Robert B. Silvers

National Humanities Medal

2012

Robert B. Silvers is an editor, which he describes as “a kind of middleman between talented, brilliant, interesting writers, on the one hand, and readers who can appreciate them.” Silvers has been an editor since his early twenties when, after an Army stint in Paris, he went to work for George Plimpton at the Paris Review. Next he returned home to New York to become an associate editor at Harper’s magazine, where he commissioned a well-remembered piece by Elizabeth Hardwick on the state of book reviewing. “Sweet, bland commendations fall everywhere upon the scene: a universal, if somewhat lobotomized, accommodation reigns.” What was missing was “involvement, passion, character, eccentricity” and, finally, “the literary tone itself.”

As the longtime coeditor and, since 2006, sole editor of the New York Review of Books, Silvers has been so much more than a middleman. He is a bringer of culture, a champion of literature, a uniquely talented matchmaker of books and reviewers, of subjects and writers, while the Revieitself has come to be regarded as a standing argument against the idea that with every new technology American culture strays further from the primacy of the written word and anything that smacks of the intellectual and the individualistic. This year, as the journal turns fifty, its circulation, with 149,000 paid subscribers, is higher than ever.

The Review was founded in 1963, during a newspaper strike. Newspaper reviews and ads were central to book-selling, and for almost four months there were none. A group of friends decided, over dinner, to open their own book review. They were Jason Epstein, the book editor who had realized there was a market for literary classics in paperback, his wife, Barbara, another publishing insider known for having discovered and published Anne Frank: The Diary of a Young Girl, the poet Robert Lowell, and Lowell’s wife, the aforementioned Elizabeth Hardwick. And they thought of Robert Silvers to help run it.

With no money and a priceless rolodex, Silvers and Barbara Epstein put out a debut issue drenched in first-rate talent: Dwight Macdonald reviewed Arthur Schlesinger, Philip Rahv reviewed Aleksandr Solzhenitsyn, and Mary McCarthy reviewed William Burroughs. The issue included W. H. Auden (as both reviewer and reviewee) and a poem by Robert Penn Warren. The younger generation of novelists and essayists yielded several contributors: Susan Sontag, Norman Mailer, Gore Vidal, and William Styron. Even today, when Silvers talks about finding reviewers, he talks about looking for “the best writer in the world on such a book.”

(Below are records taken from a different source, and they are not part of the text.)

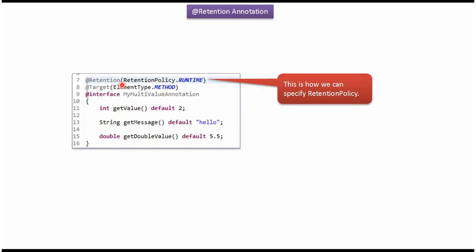And here you can see this is how we can apply @Retention annotation. We have already seen one example. And this is about @Retention annotation. Thanks for watching.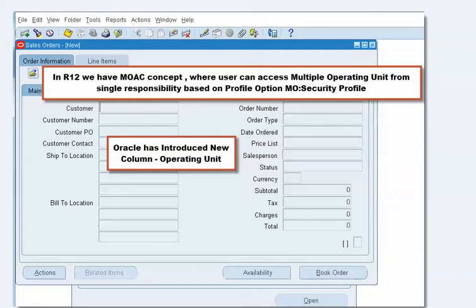There are two solutions: one is to make the Operating Unit field visible and select the operating unit for which you want to create the sales order. The other is to set the Default Operating Unit profile option — when that profile option is set, the system will automatically populate the Operating Unit column when you open the sales order form, and all fields will be enabled.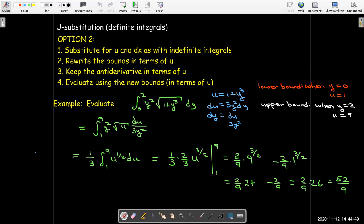I'm going to make a follow-up video, probably two of them, with more examples. But you can see how we can use this u-substitution — a very powerful technique — to help evaluate integrals and find antiderivatives.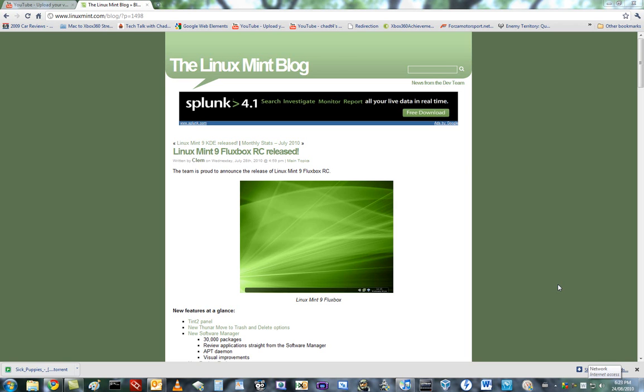Hello Linux nerds, and welcome to a new episode of Tech Talk with Chad.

In addition to publishing book reviews, the fortnightly paper covers current events. I ask Silvers whether the Review has changed much since the days when I. F. Stone was writing against the Vietnam War and a report on the Newark riots was illustrated by a diagram of a Molotov cocktail on the cover. He says no, he does not think their beliefs have changed. But he also mentions a variety of commentators on the Vietnam War—George Kennan, Hans Morgenthau, and Hannah Arendt—who were published in the Review and emphasizes that the infamous diagram was modified in order to avoid showing how to build a Molotov cocktail. “It was a great mistake to put it on our cover because it allowed many people to, without looking carefully at what we were doing or knowing what we’re doing, to falsely criticize the Review.”

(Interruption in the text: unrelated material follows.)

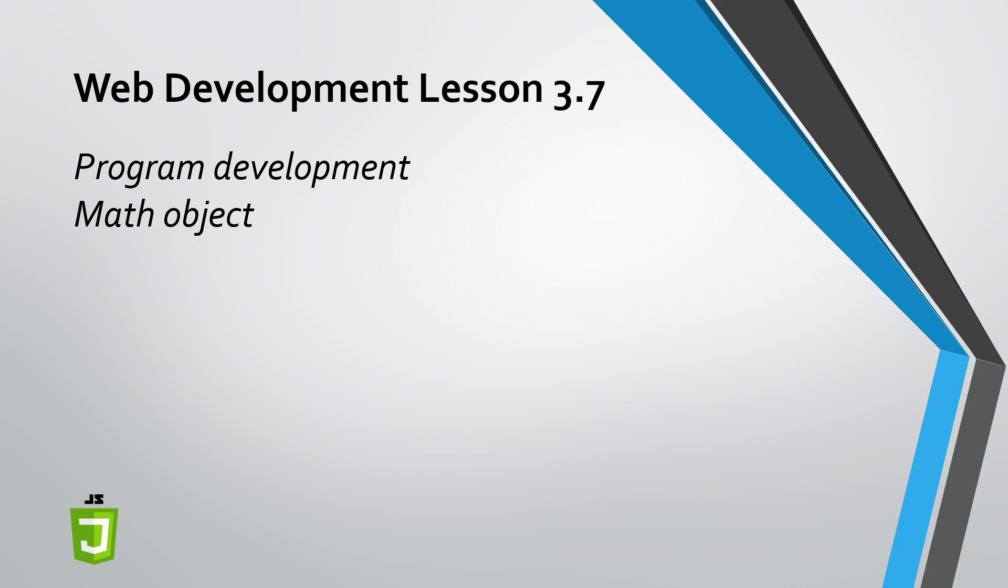And then don't forget, you got to spit out your answer so that you have some feedback to give to the user. So hopefully you're excited. You can do a sophisticated math operation using the math object. Enjoy.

This publication has always defended, Silvers says, “the human rights of people who are being bullied, repressed, and tortured.” He cites an early interview with Solzhenitsyn, prison letters from Vaclav Havel, articles by Andrei Sakharov on Russia and Simon Leys on China.

It is hard to summarize what makes the Review great. One is reduced to saying things like, oh, you really should read Tim Parks’s recent essay on Dave Eggers. And did you catch Sean Wilentz arguing with the Oliver Stone series on American history? What about those pieces by Claire Messud and Zadie Smith?

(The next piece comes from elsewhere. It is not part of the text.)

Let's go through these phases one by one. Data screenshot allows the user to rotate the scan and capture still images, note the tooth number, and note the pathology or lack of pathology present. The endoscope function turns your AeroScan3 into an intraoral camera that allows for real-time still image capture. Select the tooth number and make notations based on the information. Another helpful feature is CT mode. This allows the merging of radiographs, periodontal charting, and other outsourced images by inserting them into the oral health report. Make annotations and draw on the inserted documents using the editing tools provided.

Here, in the New York Review of Books, is where a great many distinguished intellectuals make all sorts of comments on the state of our culture, where Robert Darnton recently delivered his brief for the Digital Public Library of America, four decades after Edmund Wilson, in these same pages, took up the debate that led to the NEH-supported Library of America series.

An affable workaholic, Silvers, who is eighty-three years old, can be found on Sunday afternoons at his editing desk. In the evenings he is known to head off to the opera and return to the office afterward. The historian Timothy Garton Ash, a frequent contributor, once told the New York Times about receiving a phone call from Silvers on Christmas Day to discuss a dangling modifier.

Grateful for the chance to do something worthwhile, Silvers tries to make the most of it, guided by his own editorial sense of where the story is. He and Epstein never conducted a readers’ survey. “We did what was interesting to us.” Some kind of faith, he says, carried the project forward, a belief that it was possible to produce and find an audience for what the first issue called a “responsible literary journal.”

— by David Skinner

About the National Humanities Medal

The National Humanities Medal, inaugurated in 1997, honors individuals or groups whose work has deepened the nation's understanding of the humanities and broadened our citizens' engagement with history, literature, languages, philosophy, and other humanities subjects. Up to 12 medals can be awarded each year.